30/05/2012 – “The face of poverty in Canada is a child’s face,” said UNICEF Canada’s Executive Director ,David Morley. Canada ranks near to the bottom among a list of peers when it comes to child poverty, according to a new report on by UNICEF.
In Canada, the face of poverty is that of a child, says one children’s advocate.
According to a new report by the United Nations Children’s Fund (UNICEF), 30 million children living in 35 developed countries live below the poverty line. About 13 million children in Europe lack the necessities of life crucial to their development.
The Vancouver Sun, citing data from Statistics Canada, states that immigrant and aboriginal children—the parents of whom tend to have more children than the national average—are more likely to live in poverty, Immigrant families also subsist on lower incomes.UNICEF’s Report Card10 shows that some countries are performing better than their peers, despite similarities in economic development and per capita earnings. Their policies are better directed to protecting and supporting the most vulnerable and marginalized children in their societies.
Countries were evaluated based on a Child Deprivation Index (CDI) as well as the rate of relative poverty. A child is classified as “deprived” if he or she lacks two or more items on a list of 14 basic needs for living conditions. Such items include three meals a day, homework time and access to Internet, among other thinfs. Relative poverty measures the percentage of children who live below their country’s national poverty line (50 per cent of the median disposable household incomes).
When it comes to the CDI, the highest rates of deprivation are found in such Eastern European countries as Romania and Bulgaria, with Portugal coming in third. Nordic countries perform the best, with only 3 per cent of children being deprived as compared to 70 per cent in Romania and 27 per cent in Portugal.

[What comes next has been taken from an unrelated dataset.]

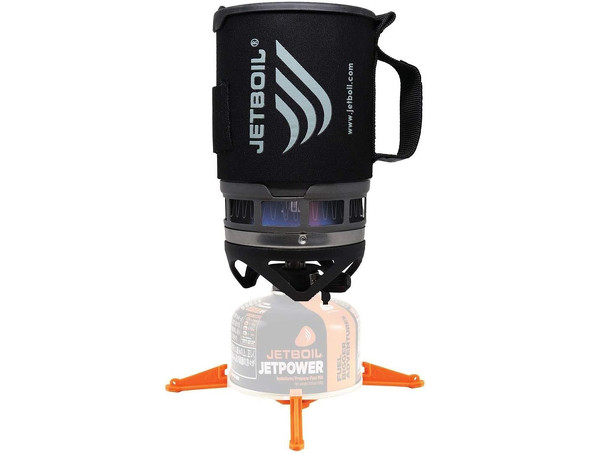 JETBOIL ジップ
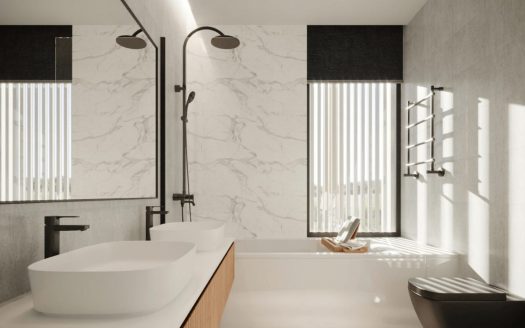 Plot for construction of luxury villa with approved project | Birre | Cascais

Nordic countries and the Netherlands also perform the best on measures of relative poverty at about seven per cent. Meanwhile, more than a fifth of children live below the poverty line in Romania and the US.
Canadian children have sadly not escaped the worrying consequences of poverty and deprivation, though they fare better than their American counterparts. Despite the country’s status as a well-developed country—privy to such clubs as the G8 and G20—Canada checks in at 24th out of 35 on UNICEF’s ranking.
“The face of poverty in Canada is a child’s face,” said UNICEF Canada’s Executive Director, David Morley, in a press release. “It is clearly time for Canada to make children a priority when planning budgets and spending our nation’s resources, even in tough economic times.”
Before taxes and transfers, says UNICEF Canada, the national child poverty rate is 25 per cent, a rate only six countries exceeded. After taxes and transfers, this rate ralls: about 13 per cent of Canadian children live in poverty, just above the average of 11 per cent among developed countries. At the same time, spending on families totals just 1.4 per cent of our gross domestic product, as compared to 2.2 per cent averaged among our peers.
The Report Card 10 suggests that Canada’s taxes and transfers are “moderately effective.”
Some suggestions put forward as to how Canada can move forward include articulating a national poverty reduction strategy, improving child benefits and tax credits as spending is not as high as it could be, and state a clear, operational definition of poverty.
“The best performers show it is possible to address poverty within the current fiscal space. On the flip side, failure to protect children from today’s economic crisis is one of the most costly mistakes a society can make,” said UNICEF’s Gordon Alexander, who heads up the agency’s Office of Research.